(Extracted data entries)
►

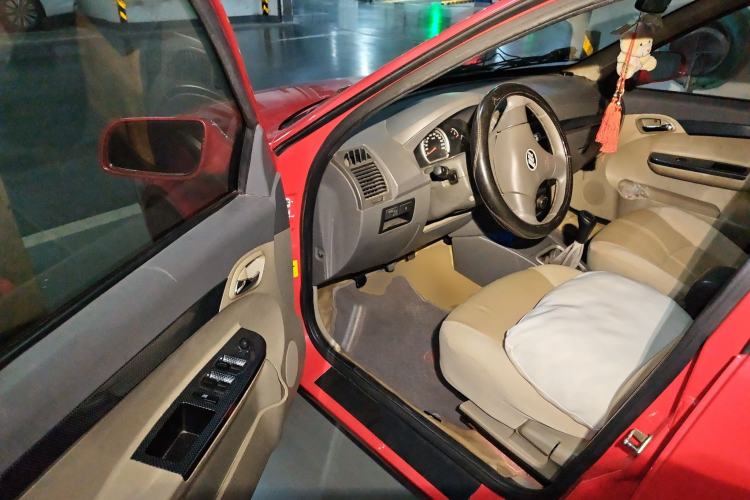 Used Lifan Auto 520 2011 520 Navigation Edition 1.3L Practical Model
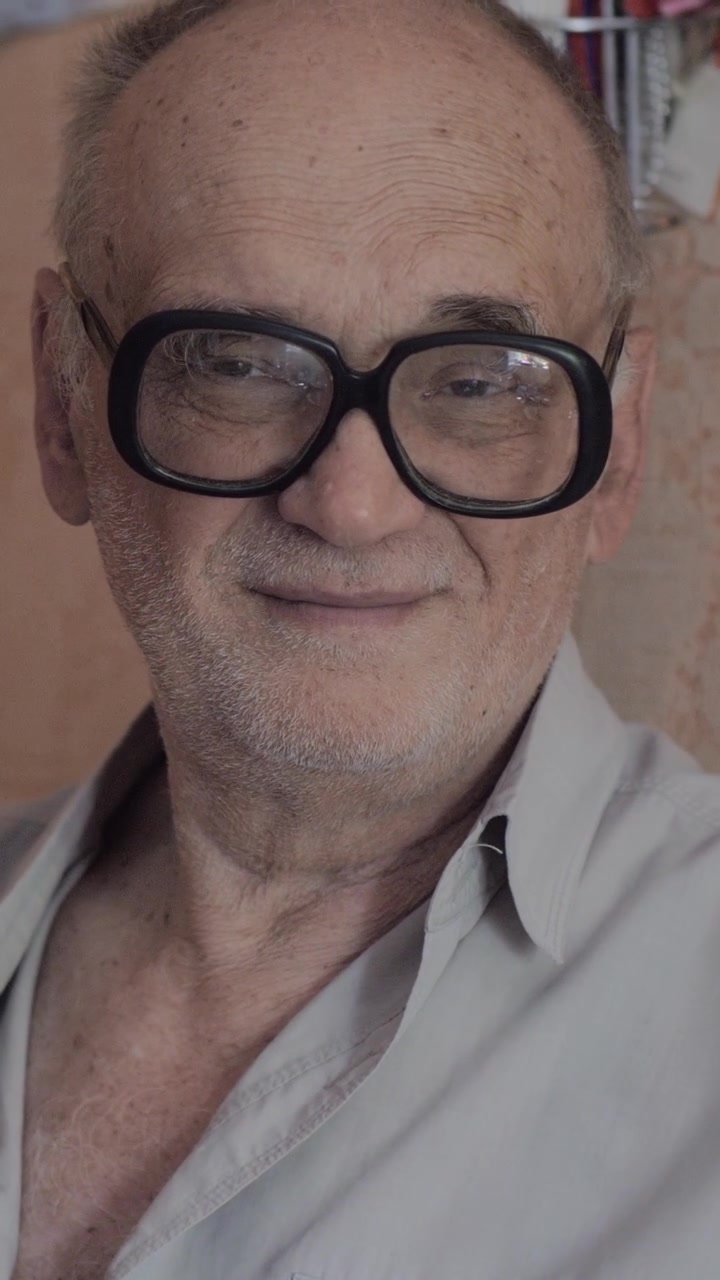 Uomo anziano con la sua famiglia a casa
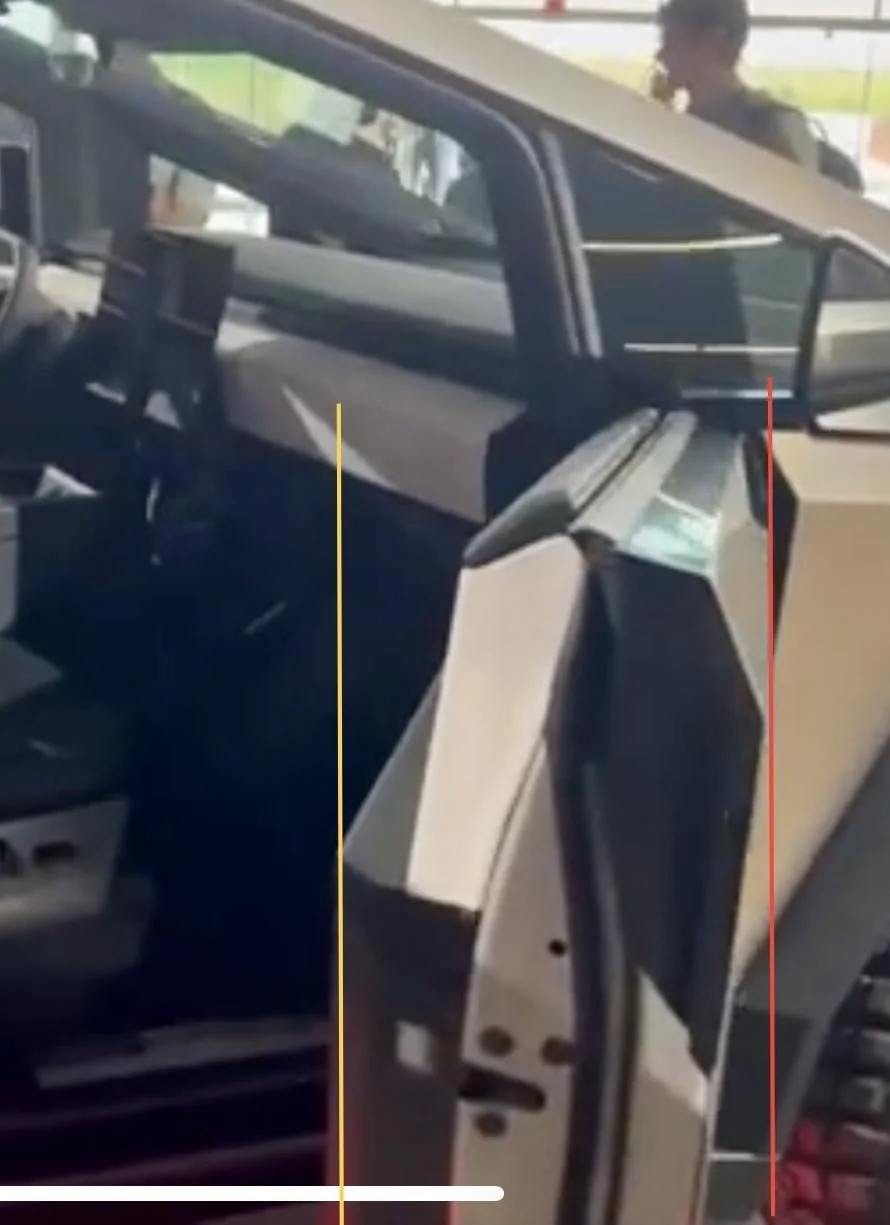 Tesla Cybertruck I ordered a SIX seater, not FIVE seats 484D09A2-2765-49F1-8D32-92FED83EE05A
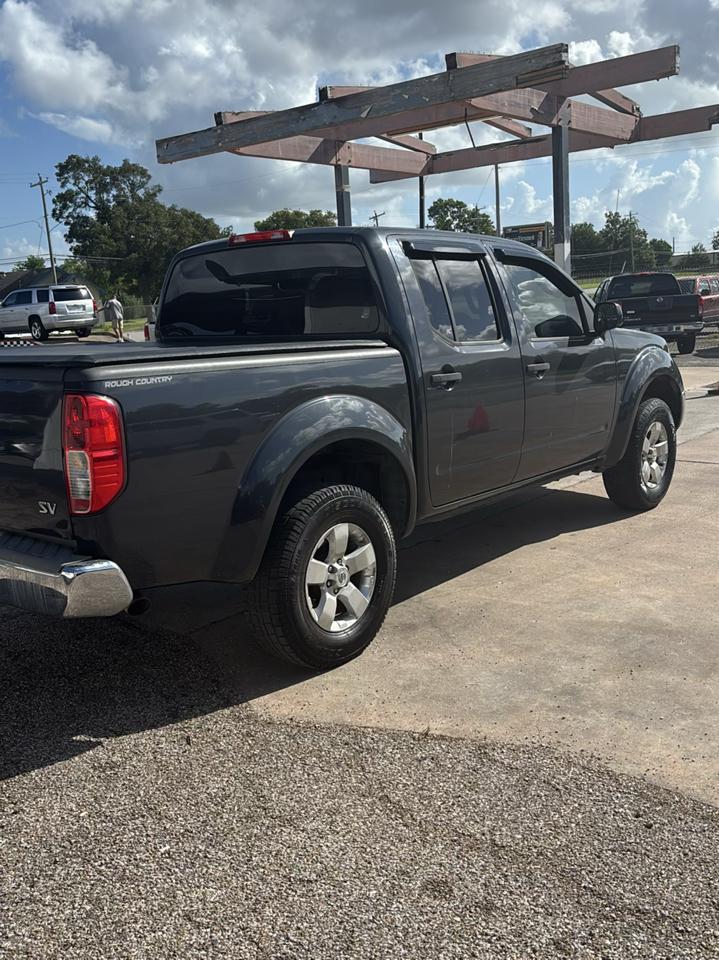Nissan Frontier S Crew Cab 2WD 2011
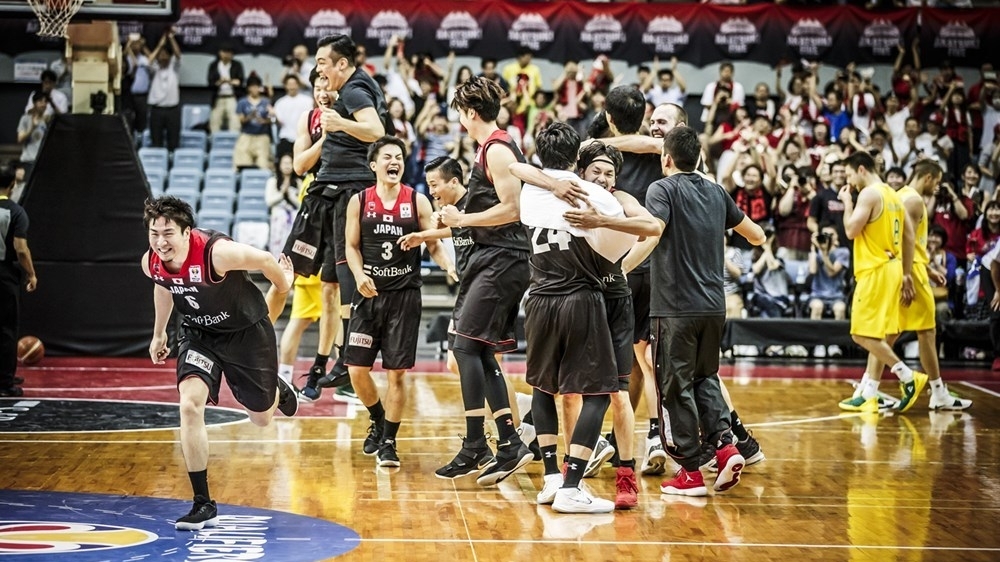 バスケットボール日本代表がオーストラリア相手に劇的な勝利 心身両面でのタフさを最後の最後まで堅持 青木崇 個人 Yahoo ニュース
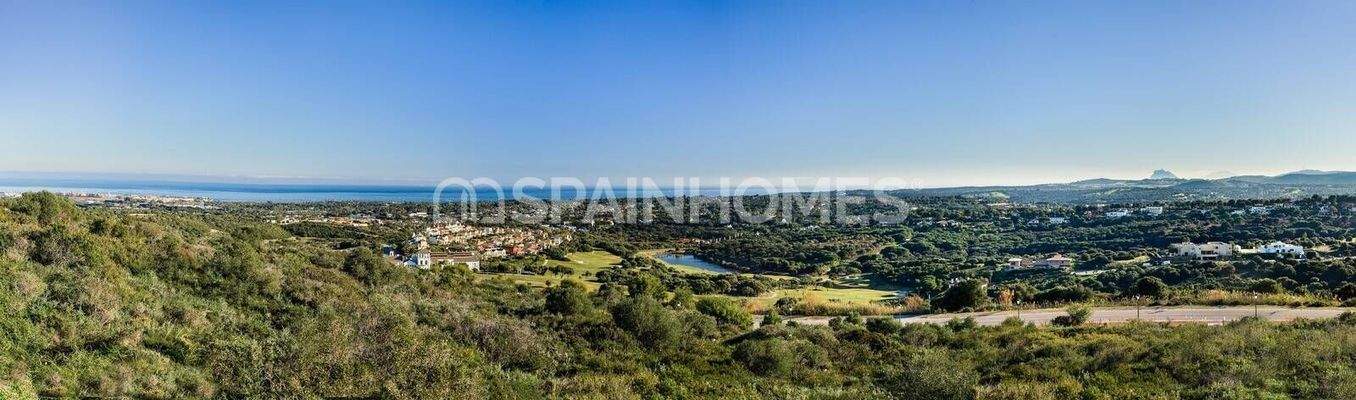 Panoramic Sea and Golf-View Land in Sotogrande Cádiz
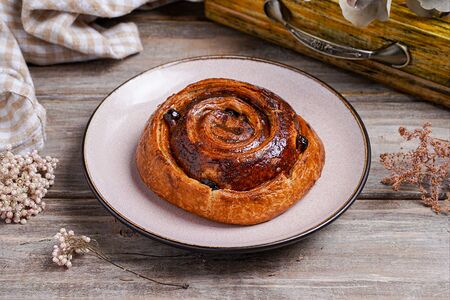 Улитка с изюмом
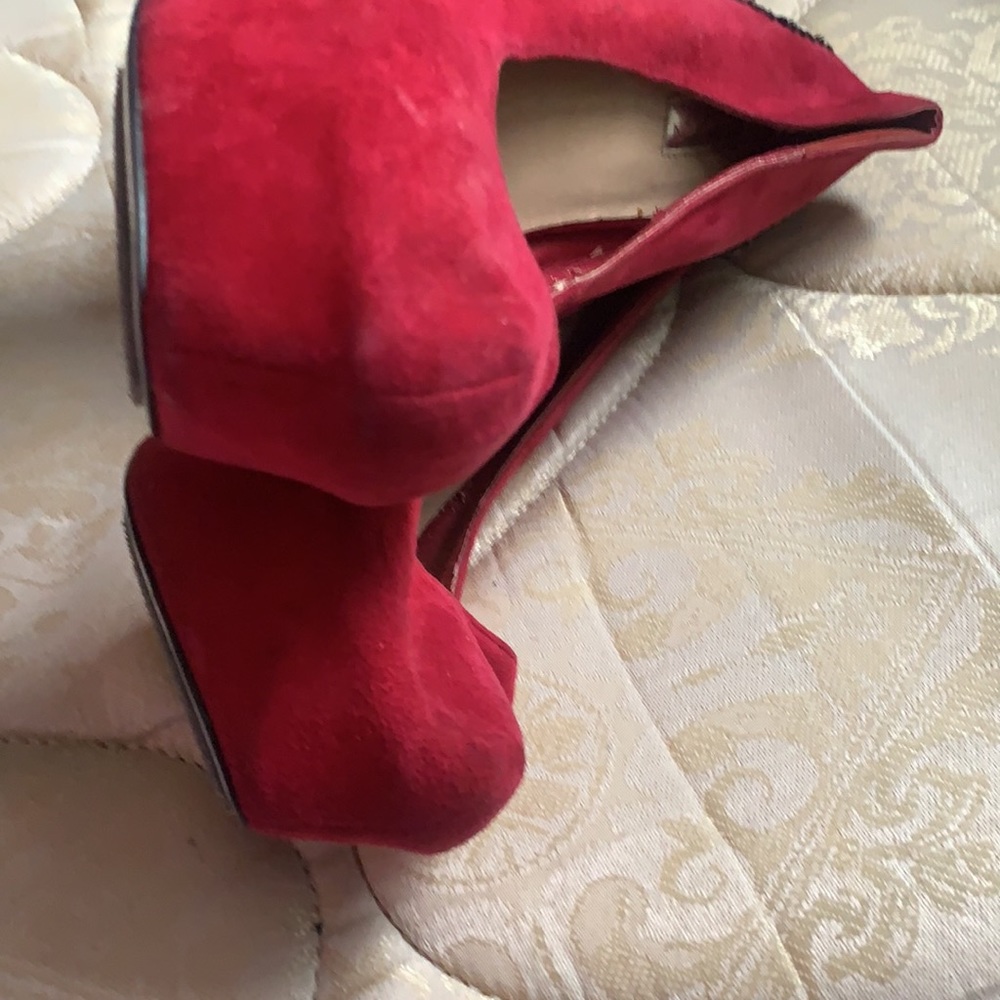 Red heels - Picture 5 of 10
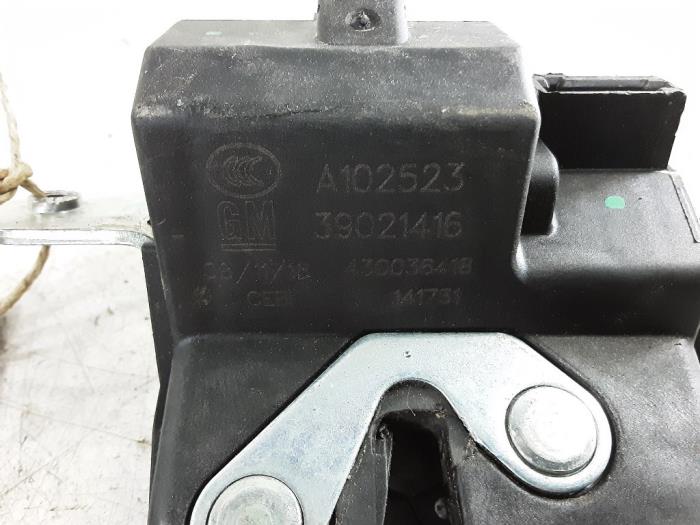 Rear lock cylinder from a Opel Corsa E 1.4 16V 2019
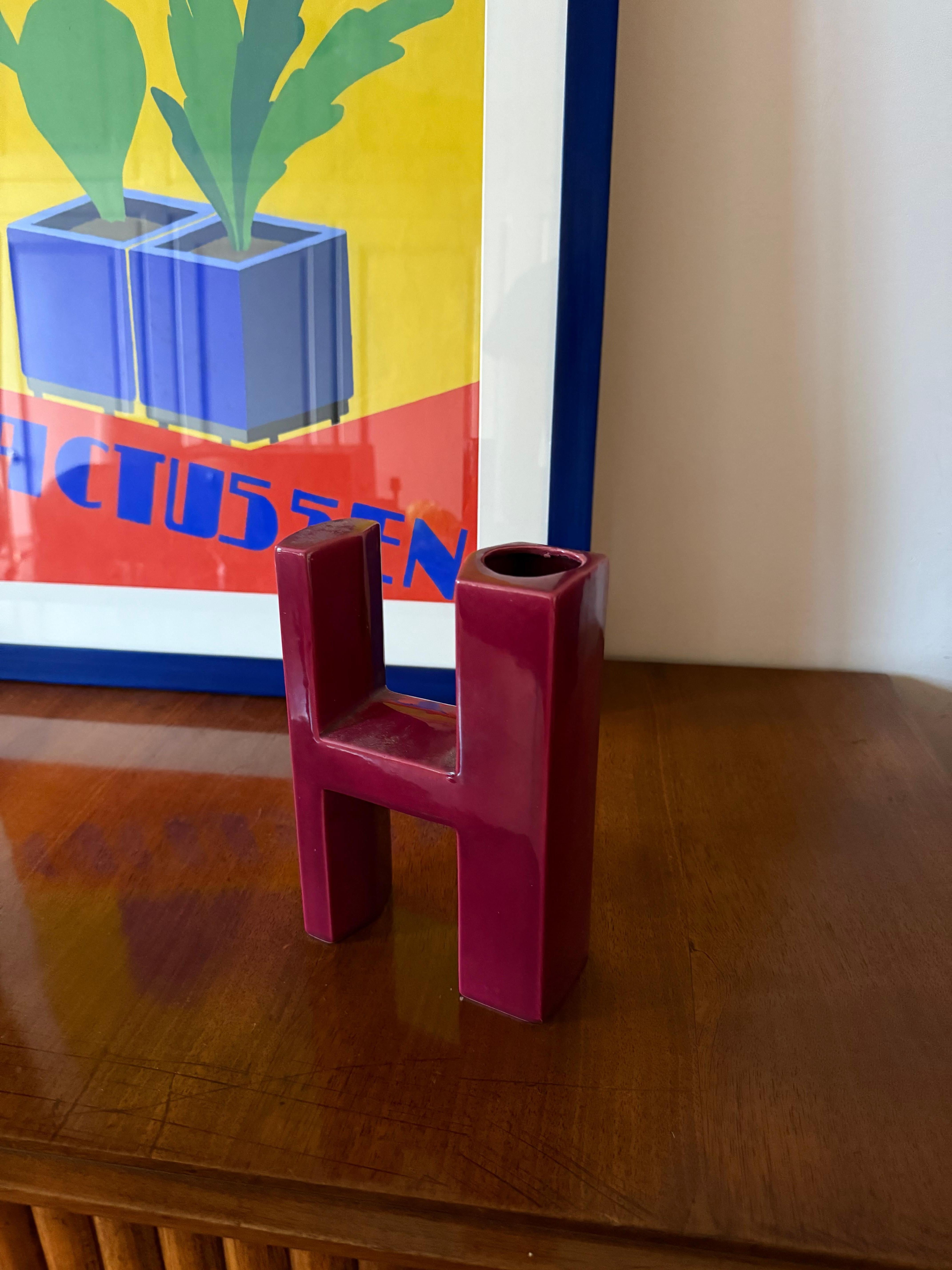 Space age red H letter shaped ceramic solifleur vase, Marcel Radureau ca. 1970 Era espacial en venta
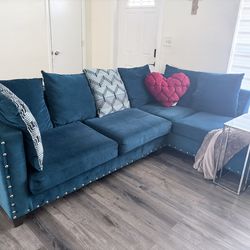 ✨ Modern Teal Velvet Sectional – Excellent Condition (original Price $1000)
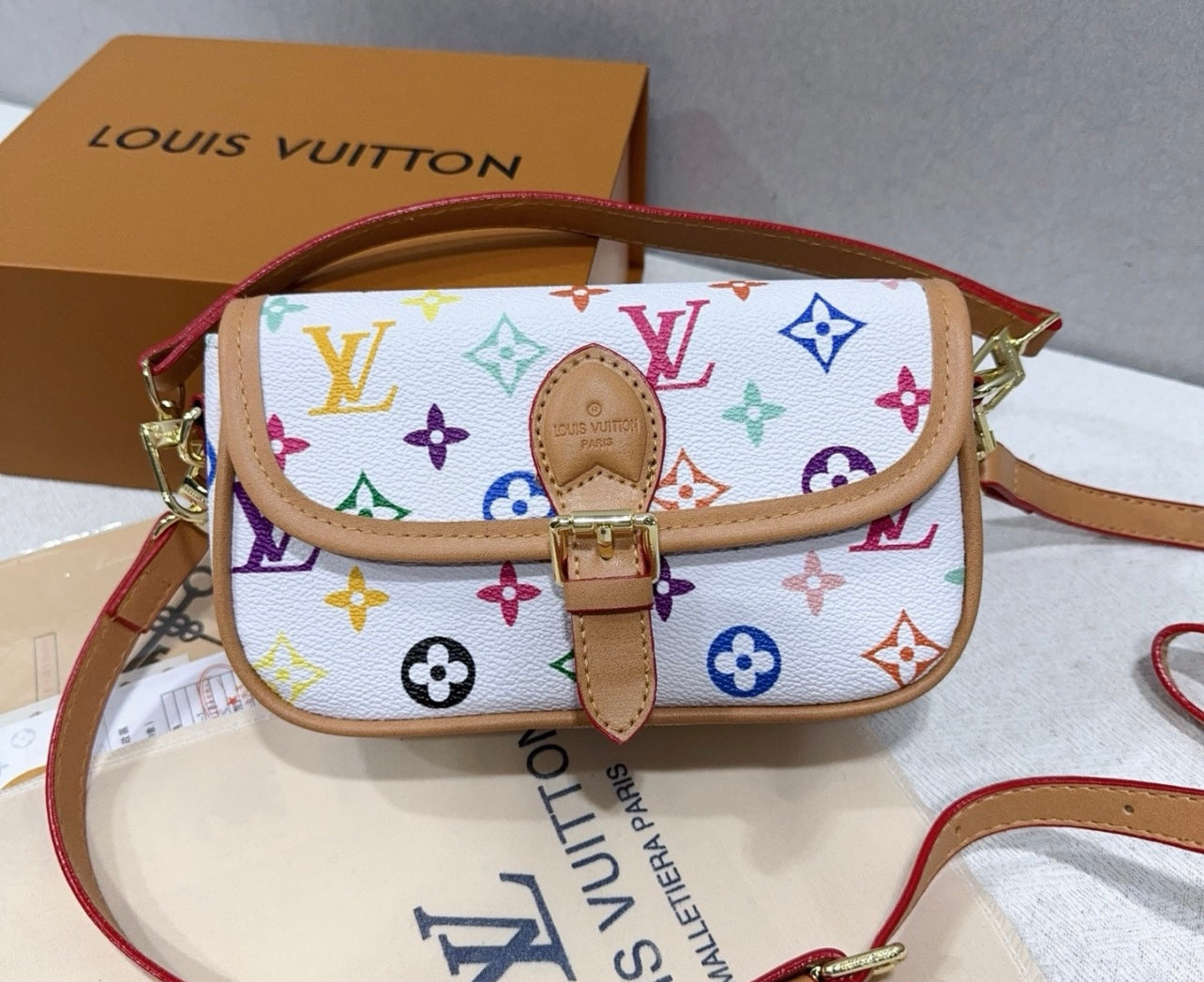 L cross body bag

◄

Beginning with the line with "Space age red", repeat the entries above exactly, up to and including the last line, leaving out pictures.

 Space age red H letter shaped ceramic solifleur vase, Marcel Radureau ca. 1970 Era espacial en venta
 ✨ Modern Teal Velvet Sectional – Excellent Condition (original Price $1000)
 L cross body bag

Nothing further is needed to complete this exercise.